Joe Shaw <joe@helixcode.com> writes: 
> Most of the members are employed by one of the 3 big GNOME companies (Red
> Hat, Helix Code, or Eazel). The people on the steering committee are
> supposed to represent certain modules. Unfortunately, I don't think this
> has been followed very faithfully and that those members have been more
> representative of their company than of the modules they represent.

Can you give an example of abandoning the community's best interests?
Also, we have at least Dan, James, and Kjartaan who are not employed
by the companies, and John wasn't originally, though I guess he is
now, I'm not sure.

> This
> causes a real conflict of interest.
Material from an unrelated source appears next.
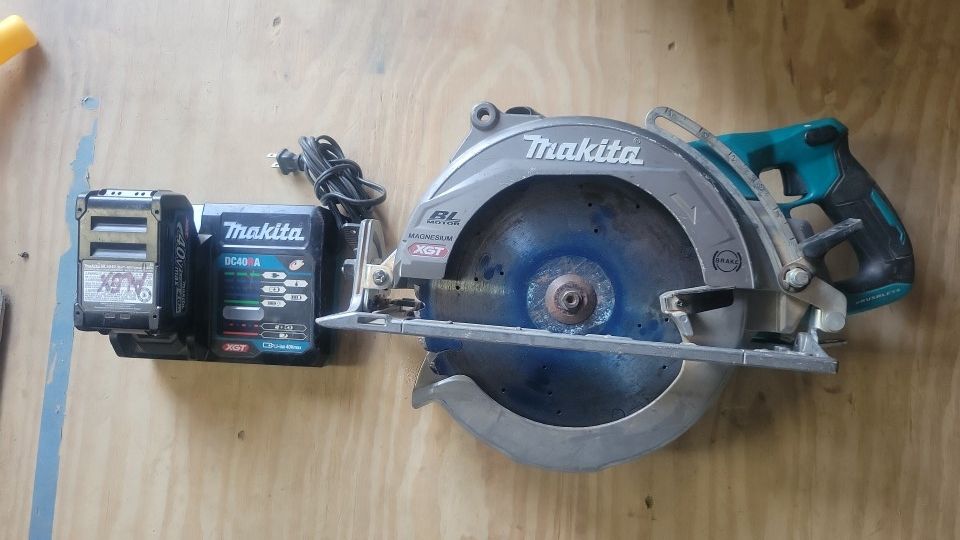 Makita 10 1/4 Cordless Saw Big Foot 40V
Now, I don't expect people not to
> represent the company they work for, but people who work for the same
> company will likely vote together. If members still represent modules,
> then whomever has the most modules will then be able to dictate policy,
> and I that is a very bad idea. 

Dropping the issue of companies (i.e. pretend for a minute all modules
are maintained by volunteers), it seems to me that _yes_ whoever
contributes the most code should have the most decision-making power.

If this gives too much power to certain companies (I'm not sure it
does, because there are lots of companies that generally disagree
rather than agree, and it appears more companies are joining), then we
should maybe look at mitigating it somehow; but I do think it makes
sense, as a starting point, to look at giving the most representation
to the largest contributors.

> Therefore, I think representation for that
> sort of thing should be done by company. The principle downside to this is
> that it becomes difficult (and unfair) to the individuals who work on and
> are as responsible for building GNOME as the rest of us. How can we
> represent them in a fair manner to both them and the companies?
> 

If I understand you right, I don't think this is practical, because
almost all the key GNOME people are employed, or if not could become
employed at any time.  We can't remove all the key players from the
board because they work at companies; then the board just won't
matter, because the key players won't be on it.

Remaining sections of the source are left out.